Below are records with pictures; copy word for word only the lines between the line with "Boom Typography Art" and the line with "Men's adidas Originals", inclusive, and drop the pictures.

* EXERCISE DATA

Segment Open

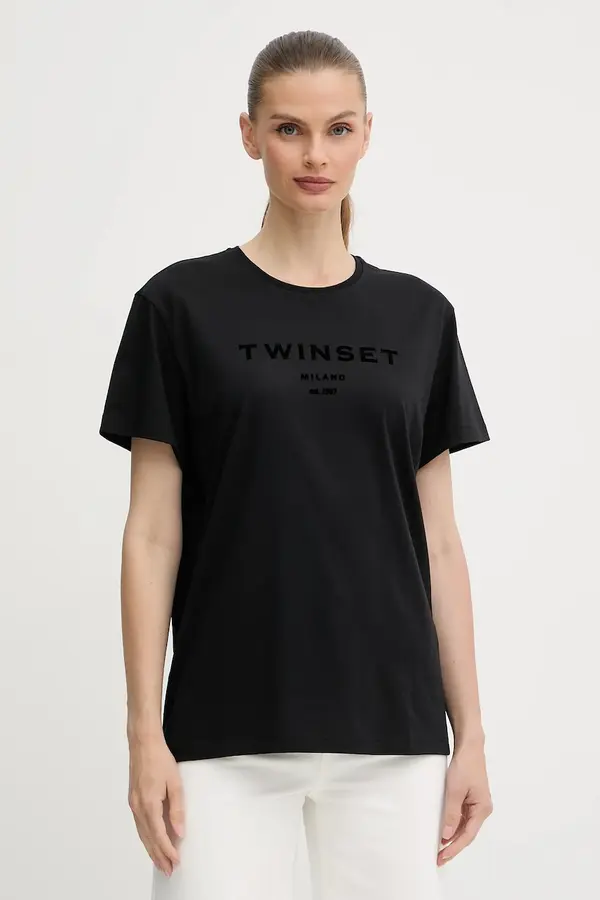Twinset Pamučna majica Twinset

Segment Closed
Segment Open

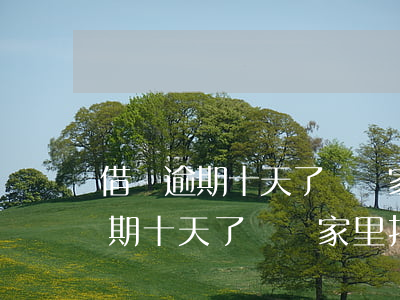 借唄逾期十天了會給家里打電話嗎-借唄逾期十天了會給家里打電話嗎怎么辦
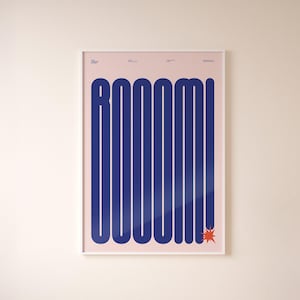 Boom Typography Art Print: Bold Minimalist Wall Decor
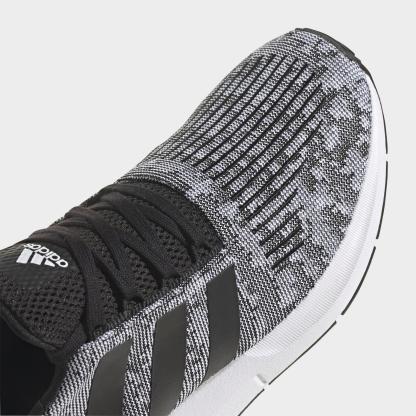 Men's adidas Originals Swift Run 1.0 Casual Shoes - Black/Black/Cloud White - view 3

Segment Closed
Segment Open

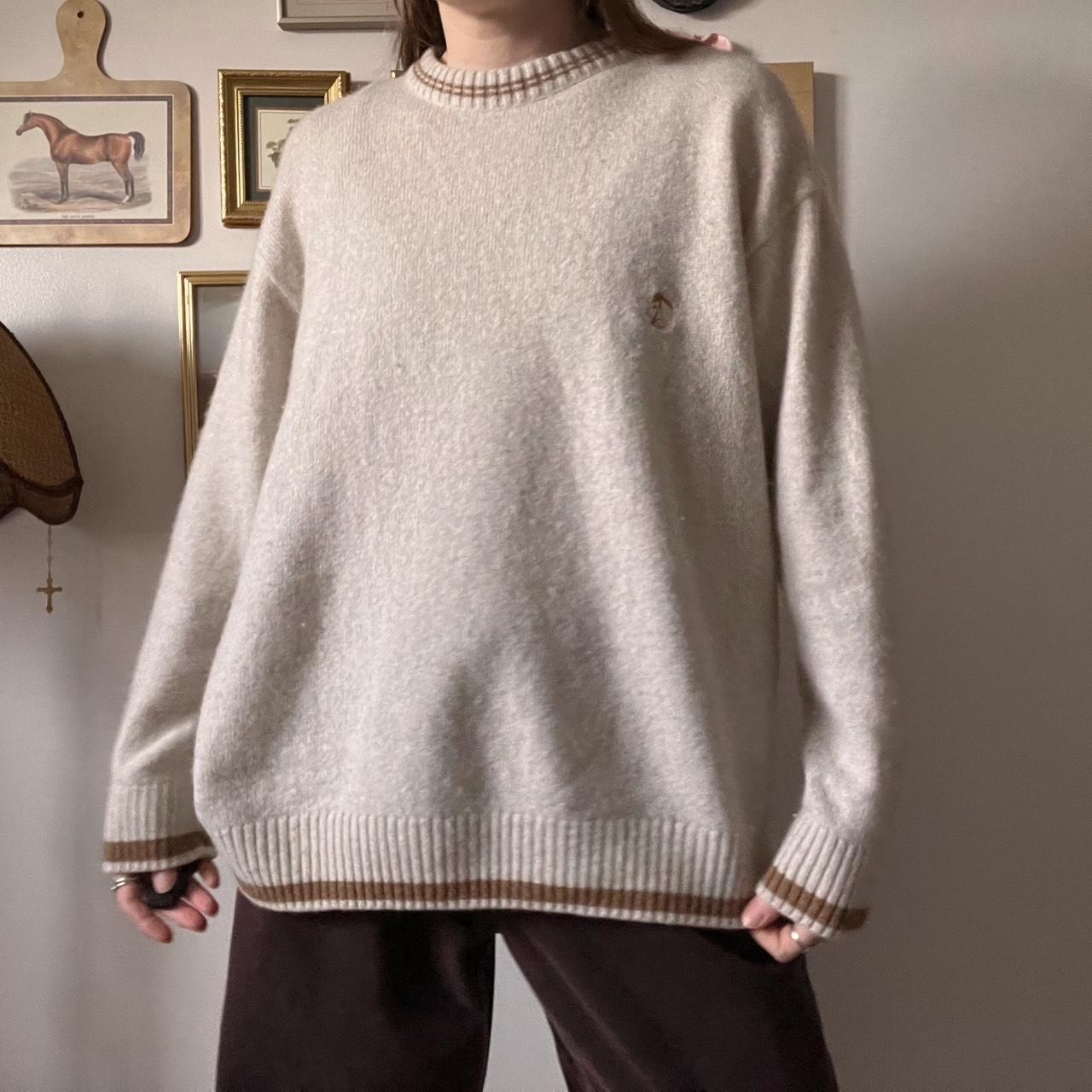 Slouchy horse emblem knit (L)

Segment Closed

* FINISHED EXERCISE
 Boom Typography Art Print: Bold Minimalist Wall Decor
 Men's adidas Originals Swift Run 1.0 Casual Shoes - Black/Black/Cloud White - view 3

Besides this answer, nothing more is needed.